ECLI:NL:HR:2022:26
Hoge Raad
- Artikel 80a RO-zaken
- Rechtspraak.nl
Cassatieberoep tegen navorderingsaanslag inkomstenbelasting en heffingsrente
In deze zaak heeft de Hoge Raad op 14 januari 2022 uitspraak gedaan in het cassatieberoep van [X] te [Z] tegen de Staatssecretaris van Financiën. Het beroep in cassatie was gericht tegen een uitspraak van het Gerechtshof Arnhem-Leeuwarden van 23 februari 2021, waarin het hoger beroep van belanghebbende tegen een eerdere uitspraak van de Rechtbank Noord-Nederland werd behandeld. De zaak betreft een navorderingsaanslag in de inkomstenbelasting/premie volksverzekeringen voor het jaar 2009, alsook de beschikking inzake heffingsrente die daarbij was gegeven.
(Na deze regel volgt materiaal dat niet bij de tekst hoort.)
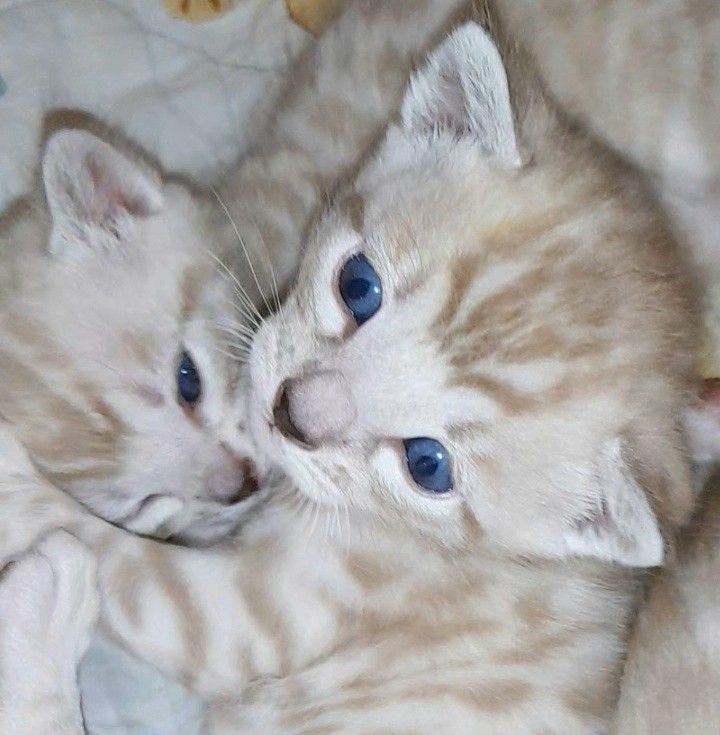 Bengal Chatterie passion selkirk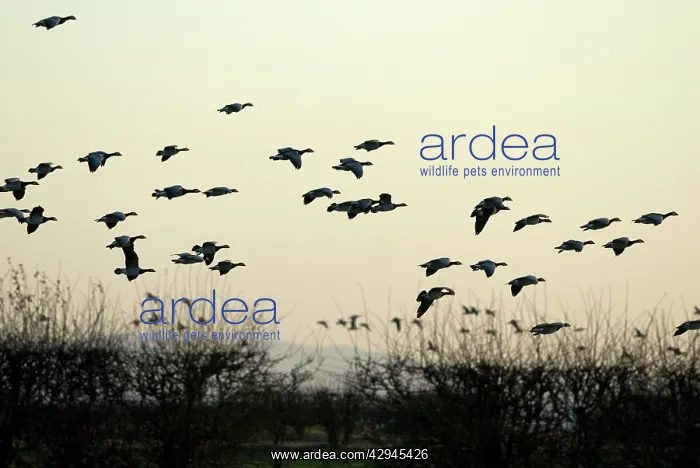 : Barnacle Geese - In flight : Barnacle Geese - In flight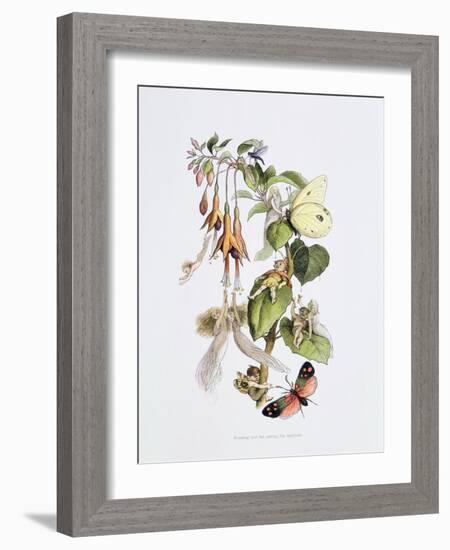 Feasting and Fun Among the Fuschias-Richard Doyle-Framed Giclee Print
De Hoge Raad heeft de ontvankelijkheid van het cassatieberoep beoordeeld en geconcludeerd dat de klachten over de uitspraak van het Hof niet kunnen slagen. De procureur-generaal bij de Hoge Raad heeft de gelegenheid gekregen om een advies uit te brengen, maar de Hoge Raad heeft besloten om het beroep zonder verdere motivering niet-ontvankelijk te verklaren, zoals toegestaan onder artikel 80a van de Wet op de rechterlijke organisatie.
Daarnaast heeft de Hoge Raad geen aanleiding gezien om een veroordeling in de proceskosten uit te spreken. Het arrest is gewezen door vice-president R.J. Koopman, samen met de raadsheren A.F.M.Q. Beukers-van Dooren en M.T. Boerlage, en is openbaar uitgesproken op de datum van de uitspraak.